La tempête se calme. Le litige se réglera à toutes fins pratiques lorsque le Comité juridique du Conseil Privé de Londres rendra un jugement en faveur des catholiques du Manitoba. Obligation sera alors faite au gouvernement manitobain d’adopter un décret correctif, appelé « The Remedial Act. Manitoba », en 1896. Placés devant l’ultimatum qui leur vient du Conseil privé de Londres, ils n’ont d’autre choix que de s’incliner devant la préséance du gouvernement britannique sur les « Dominiums » qui composent le Commonwealth, incluant le Canada et ses provinces. Mais ce ne sera pas de gaîté de cœur!
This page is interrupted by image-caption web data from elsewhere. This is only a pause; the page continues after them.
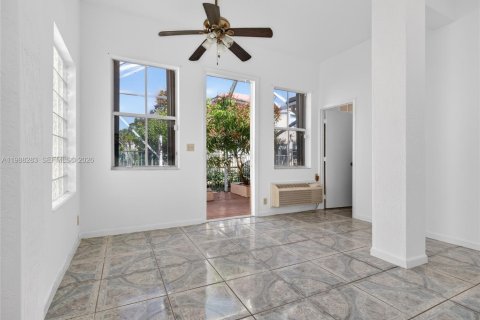 House in Weston, Florida 3 bedrooms, 155.33 sq.m. № 2060340 - photo 29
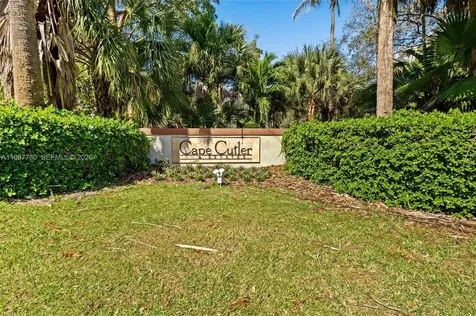 7720 SW 183rd Terrace Palmetto Bay FL 33157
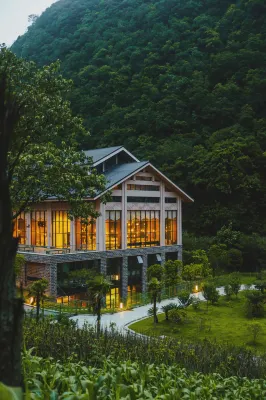 廣悅華.火賣地質研學營地 樂業-鳳山世界地質公園附近的飯店
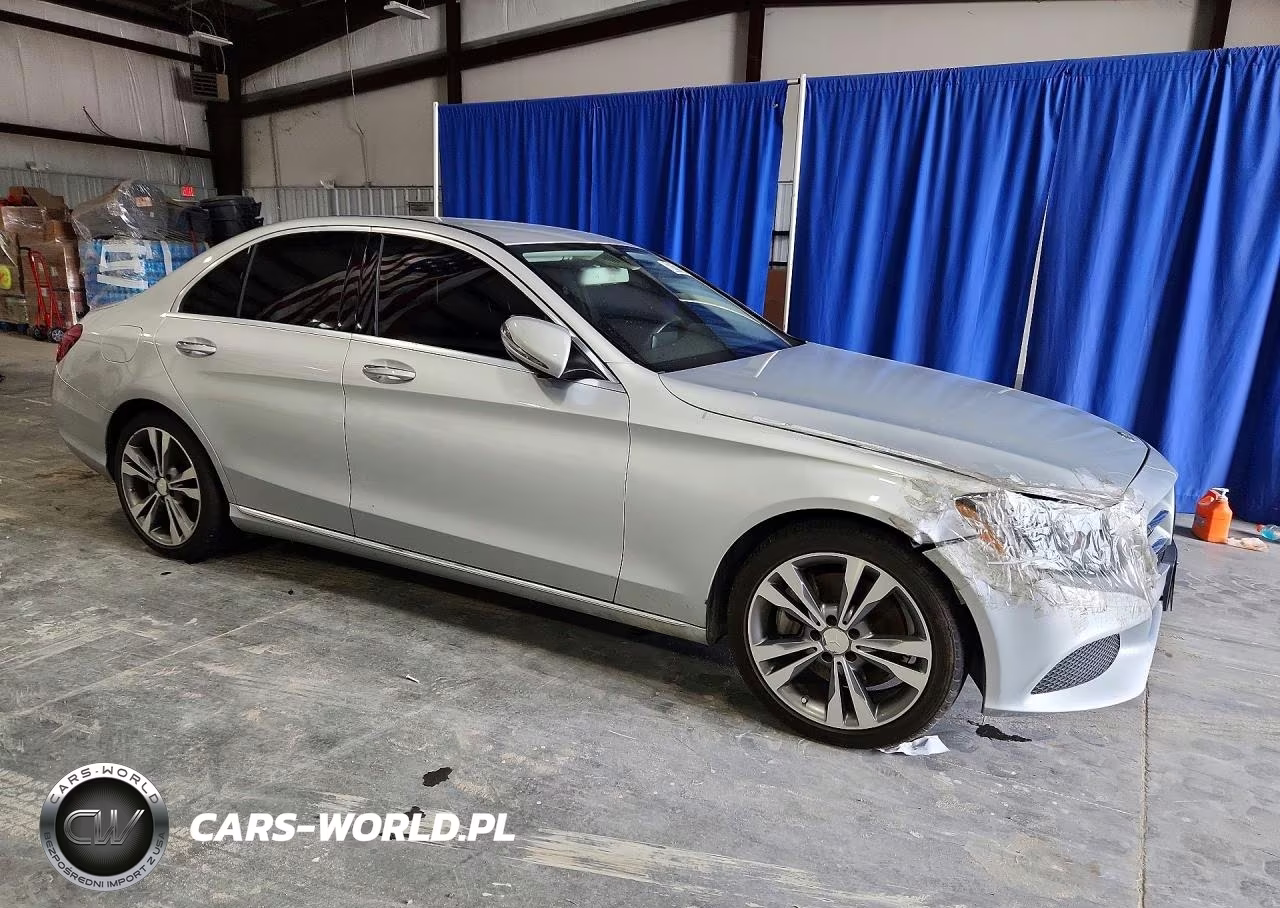 2016 Mercedes-Benz C 300 VIN:55SWF4JB6GU162645 - 4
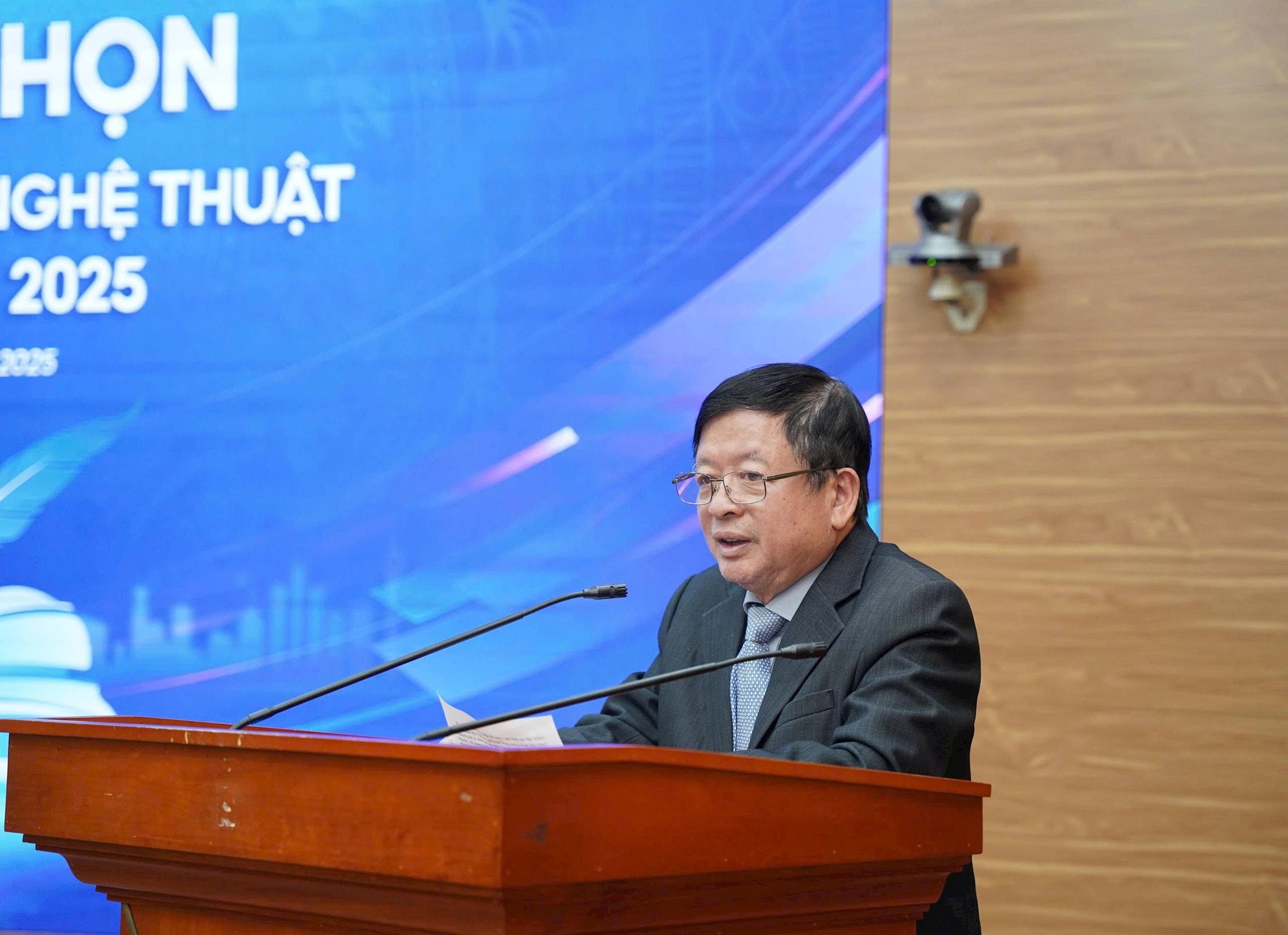 binh-chon-vhnt-do-hong-quan.jpg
Lorsque l’on prend connaissance des discours prononcés alors par le premier ministre du Manitoba et par certains membres du Parlement de cette province lors des débats entourant cette question, force est de constater que le sort des francophones ne préoccupe nullement les parlementaires manitobains. Ils sont plutôt animés par le souci d’affirmer la préséance des droits de la majorité, par définition anglophone, sur ceux de la minorité. Ils réaffirment également haut et fort que la mission d’éducation des enfants relève des gouvernements, pas des églises. (VOIR REMEDIAL ACT. MANITOBA, sixième session du septième parlement du Manitoba, Ottawa, le 5 mars 1896).
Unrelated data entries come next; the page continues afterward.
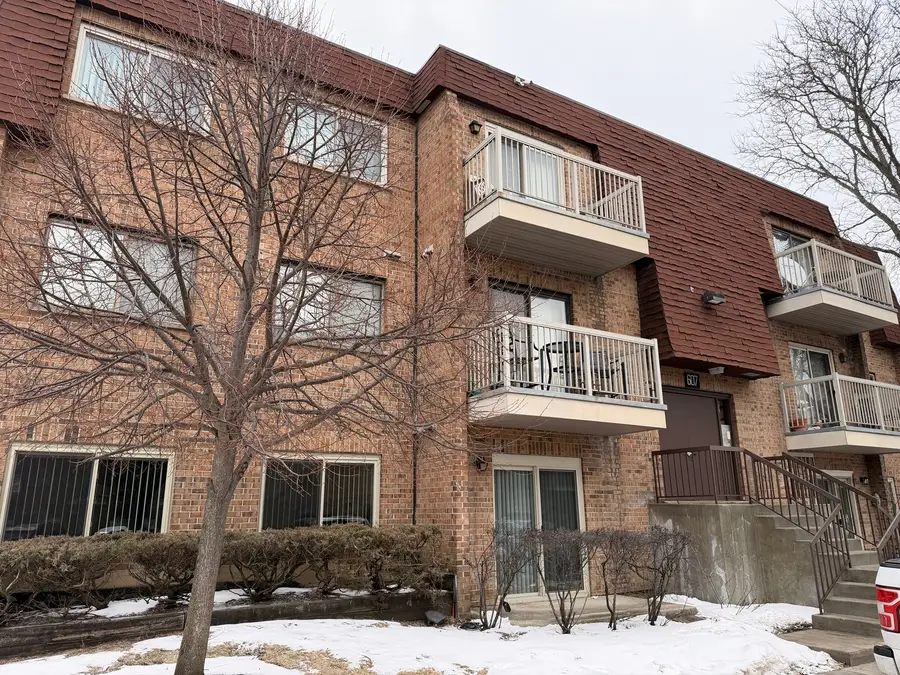 607 W Central Road #7A-4, Mount Prospect, IL 60056 - Image #2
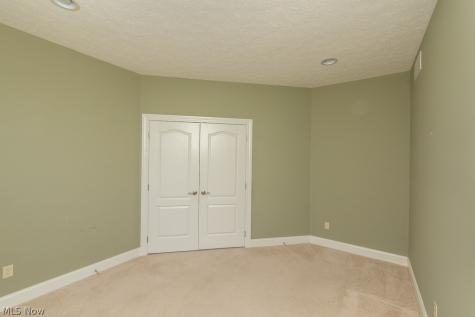 22238 North Trail Strongsville OH 44149
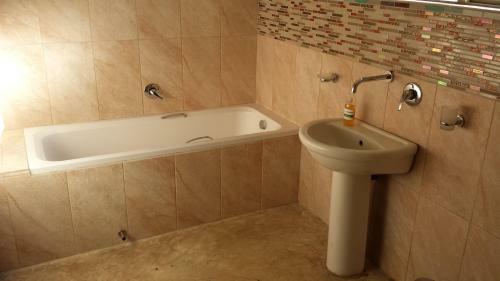 Hostal Themika Guest Farm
On est allé trop loin… L’ultramontanisme demeurera un mouvement minoritaire. Et tant le Vatican que l’Église catholique d’ici n’endosseront jamais les prétentions alarmistes et presque racistes des ultramontains. Pour plusieurs spécialistes du domaine, la querelle agira comme un stimulant de l’ardeur nationaliste des francophones québécois de l’époque. Et pour David Gosselin, loin de tiédir ses convictions, elle les ravivera!